◆ Exercise objective
Reproduce the listing exactly. Omit pictures.

[[ Data segment open ]]

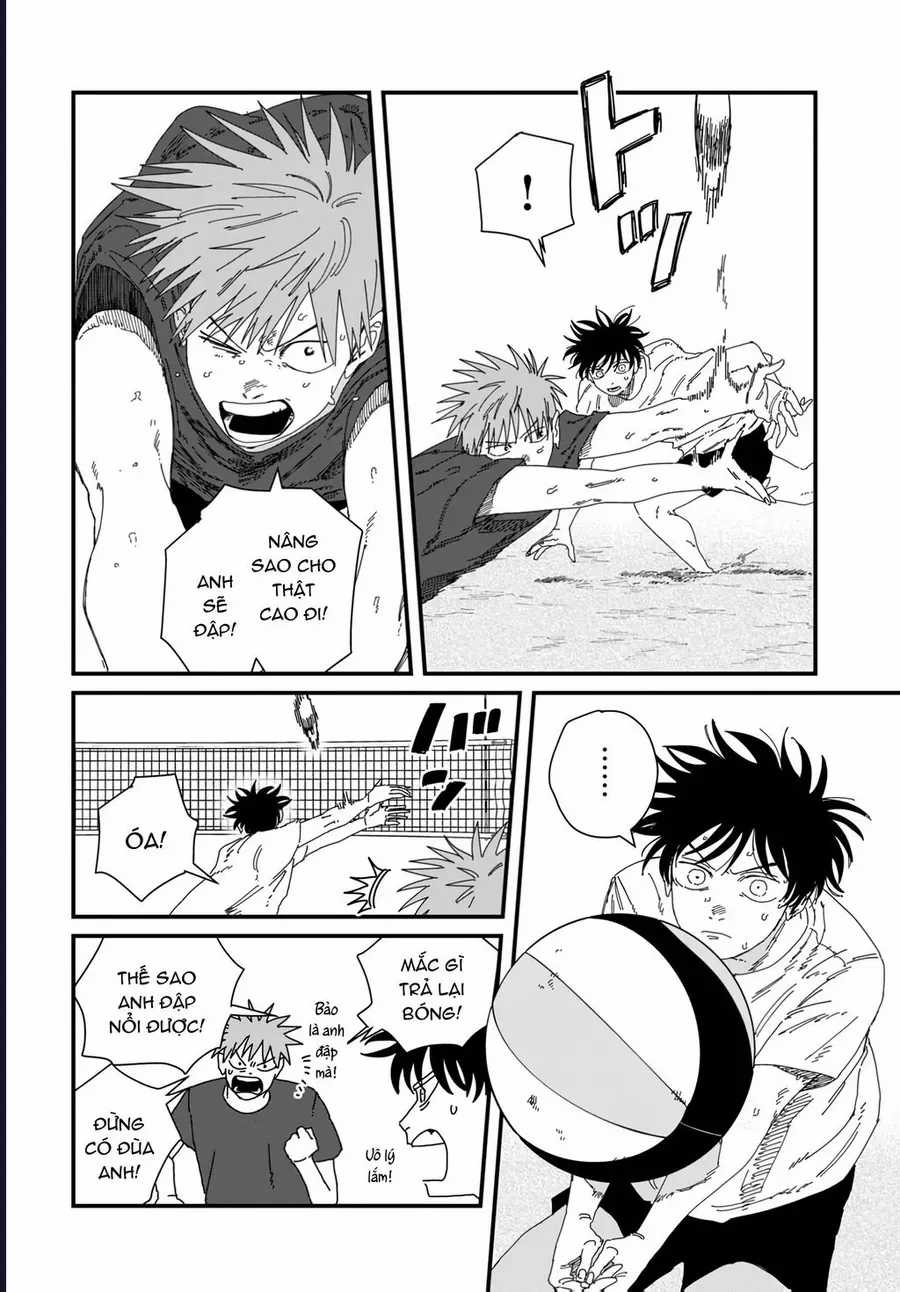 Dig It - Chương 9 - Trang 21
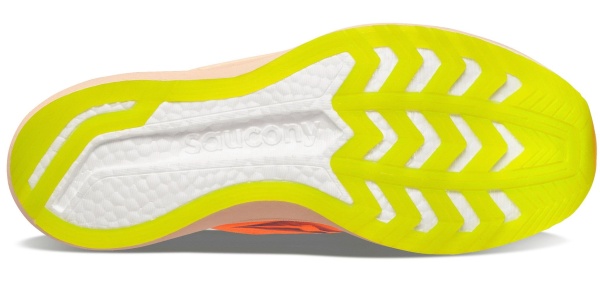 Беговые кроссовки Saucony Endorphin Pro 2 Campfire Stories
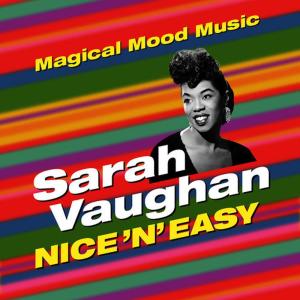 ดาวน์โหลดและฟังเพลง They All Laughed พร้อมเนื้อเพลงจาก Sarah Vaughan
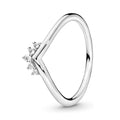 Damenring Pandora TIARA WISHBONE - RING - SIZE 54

[[ Data segment closed ]]

◆ Response below
 Dig It - Chương 9 - Trang 21
 Беговые кроссовки Saucony Endorphin Pro 2 Campfire Stories
 ดาวน์โหลดและฟังเพลง They All Laughed พร้อมเนื้อเพลงจาก Sarah Vaughan
 Damenring Pandora TIARA WISHBONE - RING - SIZE 54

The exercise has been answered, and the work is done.